Are we ready and able to set parameters for the one another we love so much? Are we ready to come alongside, whatever that might look like, when she does repent and wants to make things right? Are we ready to allow her to earn our trust again or will we withhold that no matter what she does or says? Do we really want her to live not condemned and sin no more?

We may have to get rid of cable TV and computers to help our spouse combat the power of lust. We may need to drive our child to the Christian rehabilitation farm and walk away as he screams curses at us. We may have to visit our child every Sunday afternoon in the jail visiting room.

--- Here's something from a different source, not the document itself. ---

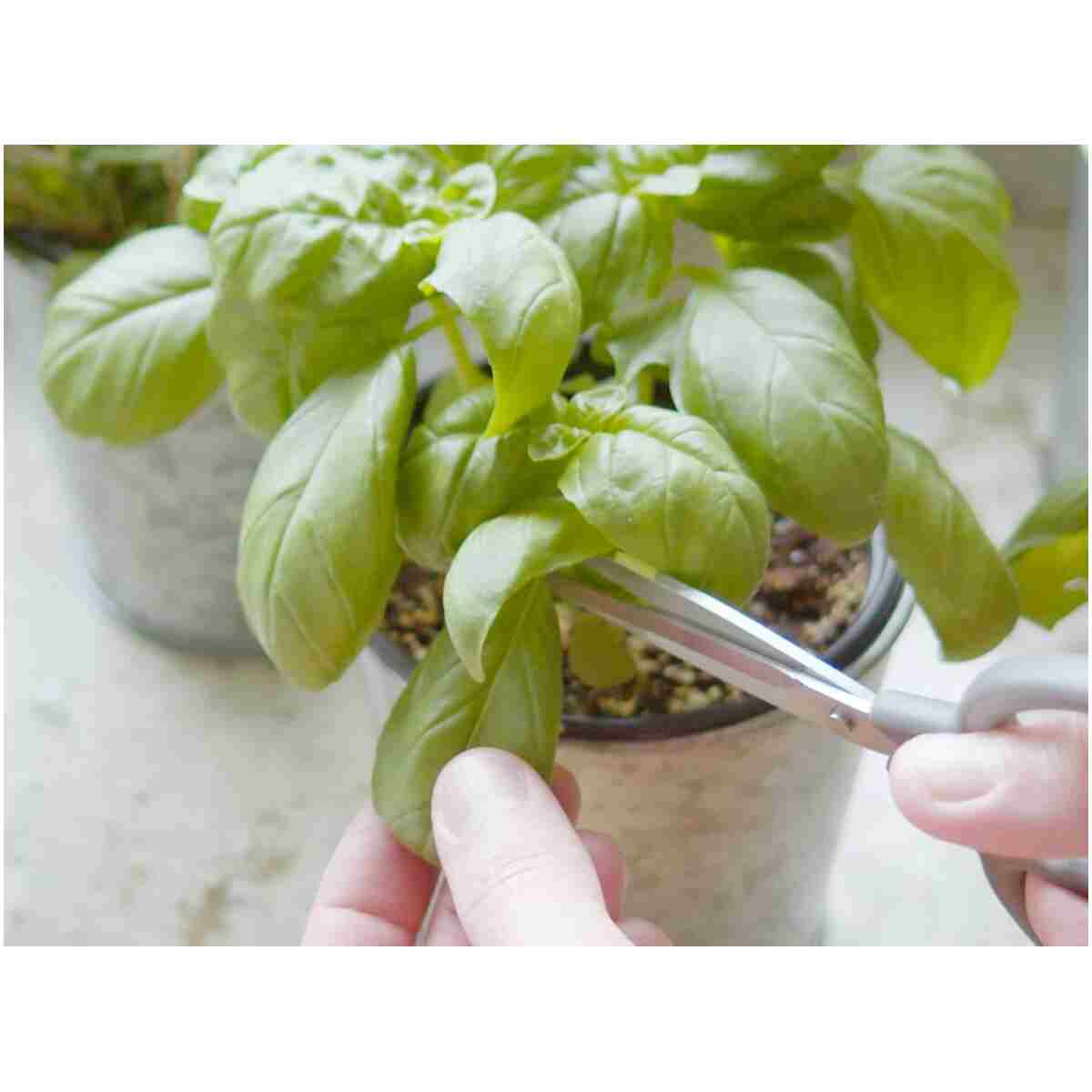 Sereniseed Certified Organic Herb Seeds (10-Pack) – Non GMO, Heirloom – Seed Starting Video - Basil, Cilantro, Oregano, Thyme, Parsley, Lavender, Chives, Sage, Dill Seeds for...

We may have to change locks or leave the presence of our abuser. 

We may have to limit the time and place we are willing to be in contact with these very difficult one anothers. It will not feel like love and it may not look like it, but it may be the most loving thing we can do for them. Can we do that?

How many times do we have to forgive? You know the answer. We forgive an infinite amount of times. Not because they deserve it, but because they don’t deserve it. We forgive because we know we don’t deserve forgiveness either. We are not condoning their sin when we forgive. We are not forgetting. That is impossible for us. We are not stuffing our pain or minimalizing our suffering. We are simply not condemning. This is how Jesus loves even though He has the right to condemn because He is the righteous Judge. 

This is so excruciatingly hard! We must remember the true battle. The one against our sworn enemy, Satan, can only be won on our knees. He wants your loved one. You must determine that by God’s grace and His almighty power, Satan can’t have them!

 Pray right now for the sinful one another in your life. Pray he or she will come to love God more than they love their sin. Pray for yourself that God will use you and that He will show you when to step out of the way. Then praise His name for what He has already done and for what He will do. Stay on your knees. Do not hurry away. Linger in your Father’s embrace.